Em 1910, as mulheres socialistas marcaram de novo o seu dia para o fim de fevereiro. Em agosto deste ano, em Copenhague, Dinamarca, aconteceu um Congresso da Internacional Socialista. Após o congresso as mulheres realizaram a sua 2ª Conferência Internacional. Nesta, decidiram que as mulheres socialistas, cada uma em seu país, festejariam o Dia da Mulher, num dia destinado só a esta comemoração. Não se definiu data nenhuma. Cada país escolhia sua data. Em 1914, as mulheres do Partido Socialdemocrata Alemão comemoraram o seu dia em 8 de março, sem nenhuma razão especial. Em 1917, em São Petersburgo, Rússia, em 27 de fevereiro, no calendário russo, mulheres tecelãs e costureiras iniciaram uma greve que acabou sendo o estopim do começo da Revolução Russa. No ocidente o 27 de fevereiro era o dia 8 de março. Em 1918, as revolucionárias russas comemoraram o sue dia em 8 de março, para lembrar a greve do ano anterior. Finalmente em 1919, Alexandra Kollontai, única mulher do Comitê Central do Partido Comunista Russo, declarou o 8 de março como data mundial para o Dia da Mulher. A nova Internacional, a Internacional Comunista, adotou esta data e a indicou às mulheres comunistas do mundo todo.

Durante a década de 30 e 40 a data foi esquecida. Nos anos 1950, o Partido Comunista Francês começou a montar a historinha de uma greve nos EUA, em 1857, com 129 mulheres queimadas etc. etc. Fez isso para tirar a marca muito forte de Dia das Mulheres Comunista. A historinha pegou e, a partir de 1966, começou a ser espalhada pelo mundo. Mas a verdadeira história é a que contei acima. Há dezenas de fontes que provam isso.

Debate Sindical – Toda mulher já ouviu em algum momento de sua vida, como piada ou até mesmo a sério, que “lugar de mulher é na cozinha”, é isso mesmo?

Giannotti – Esta é uma das tantas frases idiotas criadas pelo machismo imperante. Há milhares de outras, no mesmo sentido. É contra esta mentalidade que mulheres e também os homens de esquerda precisam lutar. Lugar de mulher é na construção da história, dona de suas idéias, de seu corpo, de seus sentimentos e feliz.

Debate Sindical – Quais as mulheres que não podem ser esquecidas na luta por um mundo melhor?

Giannotti – Todas as que se recusam a apanhar dos seus pais, irmãos e maridos. Todas as que se recusam a abaixar a cabeça frente aos machos.
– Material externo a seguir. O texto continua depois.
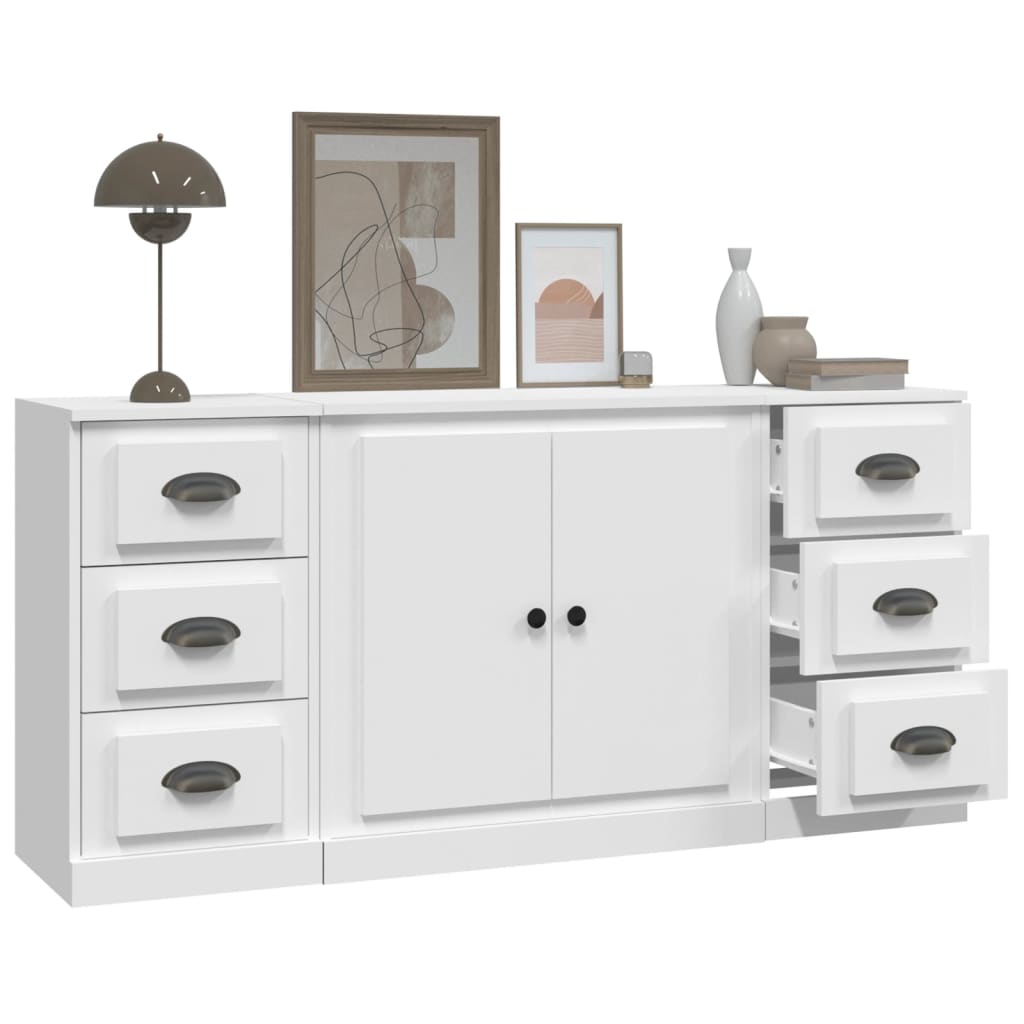 Sideboards 3 Stk. Weiß Holzwerkstoff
Todas as que se engajam na luta para mudar esta sociedade capitalista, nos seus vários aspectos: de exploração de classe, de machismo, de opressão das minorias, dos negros, índios, e de todos os que não são da classe exploradoras.

Não podemos esquecer de todas as mulheres vítimas desta exploração-opressão. Agora, mais do que das vítimas não podemos esquecer de quem luta para que a situação da mulher mude. E com ela, mudar a situação de todos os explorados e oprimidos.

 

Debate Sindical – Qual a melhor emancipação para a mulher?

Giannotti – Se sentir gente, e ser tratada como gente. Isto não acontece hoje. Em geral é vista como uma bonequinha, ou uma idiotinha, ou carne de açougue, exposta em qualquer banca de revistas. Mais de 90% das capas de revistas são uma verdadeira ofensa à inteligência e dignidade da mulher. A mulher quase sempre aparece cuidando de se enfeitar para ser valorizada pelos compradores machos. Todas estas capas de revistas com mulheres saradas, siliconadas, devidamente lipoaspiradas, sempre rindo mostrando lindos dentes, poderiam ter a mesma manchete: “Mulher não precisa ter cérebro, caráter, dignidade, personalidade.” Basta se enfeitar, que seu preço sobe. Os machos vão gostar.

Debate Sindical – Como você faria uma declaração de amor para uma mulher?

Giannotti – “Vamos juntos?”. Para ir junto, a qualquer coisa, tem que ser igual. Se sentir igual.